ALBERT
Prologue
In an effort keep up more with advances in NLP, I’ve committed to reading more academic papers. ICLR 2020 presented a fresh opportunity at a multitude of papers to review. And as papers from Google are generally a good choice to read, I’ve chosen ALBERT for this post.
ALBERT
This research came from a collaboration between Google Research and Toyota Institute of Technology. There were 3 primary propositions that this paper explored:
- Reducing the vocabulary embedding size
- Cross-transformer weights sharing
- Redefining the Next Sentence Prediction (NSP) task
As the first two items focused on reducing the number of parameters required to train a SOTA model as compared to BERT, this model was named or “A Lite BERT” or “ALBERT”.

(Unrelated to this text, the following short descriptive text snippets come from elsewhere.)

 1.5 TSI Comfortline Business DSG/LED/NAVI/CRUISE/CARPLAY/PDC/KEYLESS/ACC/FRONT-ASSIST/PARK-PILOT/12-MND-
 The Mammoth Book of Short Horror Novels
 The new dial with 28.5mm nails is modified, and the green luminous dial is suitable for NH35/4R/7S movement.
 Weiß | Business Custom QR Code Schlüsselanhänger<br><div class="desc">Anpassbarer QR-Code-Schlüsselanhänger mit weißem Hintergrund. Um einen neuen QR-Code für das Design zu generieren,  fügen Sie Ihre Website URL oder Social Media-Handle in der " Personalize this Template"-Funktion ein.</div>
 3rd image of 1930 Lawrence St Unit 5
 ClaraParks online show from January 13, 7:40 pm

Reducing the Vocabulary Embedding Size
As the vocabulary (V) embedding size (E) is directly tied to the transformer hidden size (H), increasing the transformer size typically means increasing the embedding matrix significantly. As these weights are sparsely updated during training, decoupling the two pieces could help reduce the number of parameters to learn. This is achieved (as far as I can tell) by having two layers instead of one:
BERT: V x H
(where E = H)ALBERT: [V x E] -> [E x H]
(where E < H)
The size of E was empirically established by testing different embedding sizes (64, 128, 256, 768). If weights were shared across transformers, an embedding size of 128 yielded minor (< 1%) improvements over embedding sizes.
Cross-Transformer Weights Sharing
Different parts of the transformer module can share weights - the self-attention portion, the feed-forward portion, or both. This can also be compared to not sharing any weights. Results showed that sharing just the self-attention portion yielded approximately similar results to not sharing any weights at all. The paper shows that sharing weights makes outputs across layers much smoother - suggesting a more stable model and potentially that if a transfer were lopped off, the model would still perform reasonably well.

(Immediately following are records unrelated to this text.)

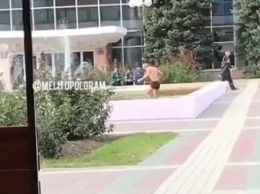 Мужчина в трусах купался в центральном фонтане (видео)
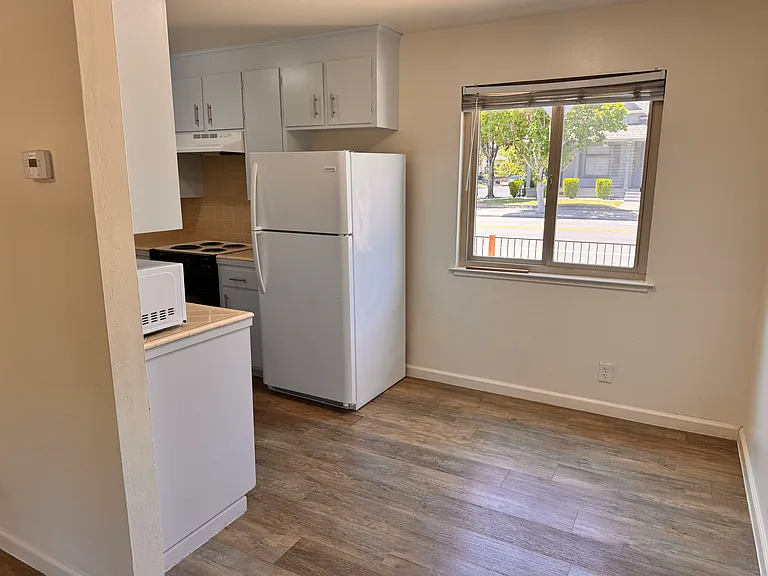 715 Monroe St #1 — Photo 5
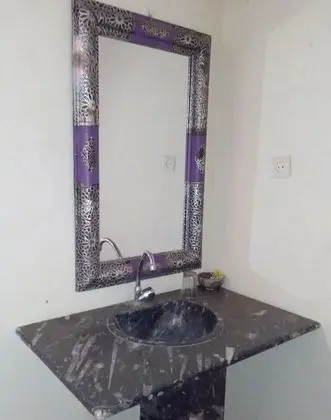 Üç Kişilik Oda, Özel Banyo, Avlu Manzaralı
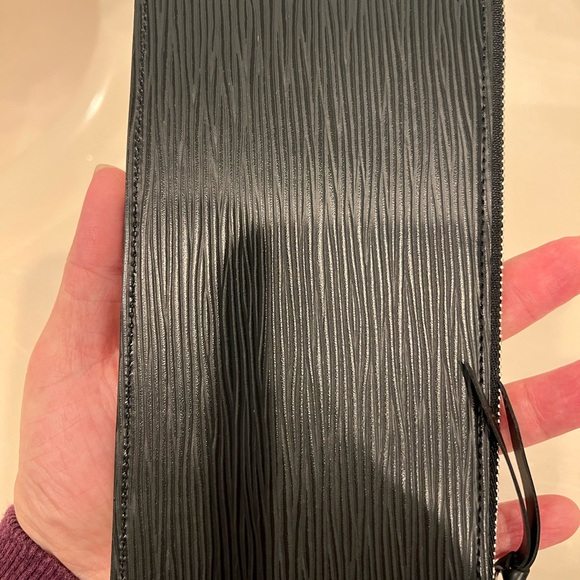 NEW UNUSED LOUIS VUITTON LV BLACK EPI LEATHER FELICIE ZIP INSERT SILVER HARDWARE - Picture 10 of 13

However, sharing weights comes with a cost. At the same number of layers and hidden size (but with smaller embedding size), an ALBERT model that shares weights performs worse thn a BERT model that does not share any weights. The BERT-large model has 334M parameters and takes 34 hours to go execute 400k training steps (0.3sec/step). The ALBERT-xxlarge model has 235M parameters, but takes 32 hours to execute 125k training steps (0.9sec/step). While the ALBERT-xxlarge model performs slightly better than BERT-large, training ALBERT is significantly slower likely due to the need to sync weights across TPU instances.
Redefining the NSP Task
This part of the paper was to me the most important part of the paper. Originally, the Next Sentence Prediction (NSP) task as defined by BERT was to predict whether two sentences appeared next to each other.
- Positive examples were sampled by obtaining two sentences that followed each other. ie:
1. A long time ago, in a galaxy far, far away it is a period
of civil war.
2. Rebel spaceships, striking from a hidden base, have won
their first victory against the evil Galactic Empire.
- Negative examples were sampled by obtaining one sentence from a document and another sentence from a separate document. ie:
1. A long time ago, in a galaxy far, far away it is a period
of civil war.
2. Luke Skywalker has returned to his home planet of Tatooine
in an attempt to rescue his friend Han Solo.
This method of sampling negative examples makes the task closer to topic prediction and is consequently a significantly easier task.
In order to force the model to learn about “what the next sentence is”, negative examples are created by swapping the order of the two consecutive sentences. This forces the model focus learning on sentence coherence. ie:
1. Rebel spaceships, striking from a hidden base, have won
their first victory against the evil Galactic Empire.
2. A long time ago, in a galaxy far, far away it is a period
of civil war.
This method, termed “Sentence Order Prediction” (SOP) is clearly shown to be a superior task for understanding language - models trained using with NSP performed poorly on SOP tasks, but models trained with SOP performed reasonably well on NSP tasks.
Additional
While only given a small mention, the paper mentioned that removing dropout after 1M steps significantly increased model performance on downstream tasks, opening the door for questions as to whether dropout should be removed after a point during training. However, it is noted that since ALBERT shares weights across layers, it has a level of self-regularization and that this effect may not be seen across other MLMs.
Conclusions
With all the above mentioned factors, ALBERT did reach the top of the GLUE leaderboard. However, the authors noted that there still are additional semi-supervised tasks in addition to SOP that may improve performance.